• The problem: The full set of entries below must be returned exactly as shown.

Stored records:
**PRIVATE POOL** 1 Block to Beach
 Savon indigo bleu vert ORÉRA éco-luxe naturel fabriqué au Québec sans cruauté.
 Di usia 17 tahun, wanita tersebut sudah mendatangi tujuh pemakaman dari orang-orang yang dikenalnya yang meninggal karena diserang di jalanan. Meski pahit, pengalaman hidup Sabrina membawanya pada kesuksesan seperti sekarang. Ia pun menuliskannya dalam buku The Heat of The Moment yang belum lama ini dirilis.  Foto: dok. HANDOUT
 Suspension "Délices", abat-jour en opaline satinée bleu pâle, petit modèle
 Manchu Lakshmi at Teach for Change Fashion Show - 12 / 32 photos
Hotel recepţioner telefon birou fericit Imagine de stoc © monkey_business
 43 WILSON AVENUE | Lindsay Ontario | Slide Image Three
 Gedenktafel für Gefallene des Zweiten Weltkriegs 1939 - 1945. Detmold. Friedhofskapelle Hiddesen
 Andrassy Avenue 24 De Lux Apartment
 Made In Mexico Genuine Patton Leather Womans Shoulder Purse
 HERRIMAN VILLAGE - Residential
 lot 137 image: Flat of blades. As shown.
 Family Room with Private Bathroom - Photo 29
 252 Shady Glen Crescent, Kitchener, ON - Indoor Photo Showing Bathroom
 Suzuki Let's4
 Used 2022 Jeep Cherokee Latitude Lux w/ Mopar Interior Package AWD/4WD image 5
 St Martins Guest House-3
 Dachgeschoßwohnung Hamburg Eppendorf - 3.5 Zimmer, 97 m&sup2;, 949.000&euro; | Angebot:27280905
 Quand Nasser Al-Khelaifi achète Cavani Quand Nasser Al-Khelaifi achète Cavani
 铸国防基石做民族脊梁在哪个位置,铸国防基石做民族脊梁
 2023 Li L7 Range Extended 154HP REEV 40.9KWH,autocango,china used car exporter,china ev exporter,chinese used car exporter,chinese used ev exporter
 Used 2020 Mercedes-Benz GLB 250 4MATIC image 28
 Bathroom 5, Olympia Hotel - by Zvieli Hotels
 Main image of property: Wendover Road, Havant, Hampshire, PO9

• Answer box:
**PRIVATE POOL** 1 Block to Beach
 Savon indigo bleu vert ORÉRA éco-luxe naturel fabriqué au Québec sans cruauté.
 Di usia 17 tahun, wanita tersebut sudah mendatangi tujuh pemakaman dari orang-orang yang dikenalnya yang meninggal karena diserang di jalanan. Meski pahit, pengalaman hidup Sabrina membawanya pada kesuksesan seperti sekarang. Ia pun menuliskannya dalam buku The Heat of The Moment yang belum lama ini dirilis.  Foto: dok. HANDOUT
 Suspension "Délices", abat-jour en opaline satinée bleu pâle, petit modèle
 Manchu Lakshmi at Teach for Change Fashion Show - 12 / 32 photos
Hotel recepţioner telefon birou fericit Imagine de stoc © monkey_business
 43 WILSON AVENUE | Lindsay Ontario | Slide Image Three
 Gedenktafel für Gefallene des Zweiten Weltkriegs 1939 - 1945. Detmold. Friedhofskapelle Hiddesen
 Andrassy Avenue 24 De Lux Apartment
 Made In Mexico Genuine Patton Leather Womans Shoulder Purse
 HERRIMAN VILLAGE - Residential
 lot 137 image: Flat of blades. As shown.
 Family Room with Private Bathroom - Photo 29
 252 Shady Glen Crescent, Kitchener, ON - Indoor Photo Showing Bathroom
 Suzuki Let's4
 Used 2022 Jeep Cherokee Latitude Lux w/ Mopar Interior Package AWD/4WD image 5
 St Martins Guest House-3
 Dachgeschoßwohnung Hamburg Eppendorf - 3.5 Zimmer, 97 m&sup2;, 949.000&euro; | Angebot:27280905
 Quand Nasser Al-Khelaifi achète Cavani Quand Nasser Al-Khelaifi achète Cavani
 铸国防基石做民族脊梁在哪个位置,铸国防基石做民族脊梁
 2023 Li L7 Range Extended 154HP REEV 40.9KWH,autocango,china used car exporter,china ev exporter,chinese used car exporter,chinese used ev exporter
 Used 2020 Mercedes-Benz GLB 250 4MATIC image 28
 Bathroom 5, Olympia Hotel - by Zvieli Hotels
 Main image of property: Wendover Road, Havant, Hampshire, PO9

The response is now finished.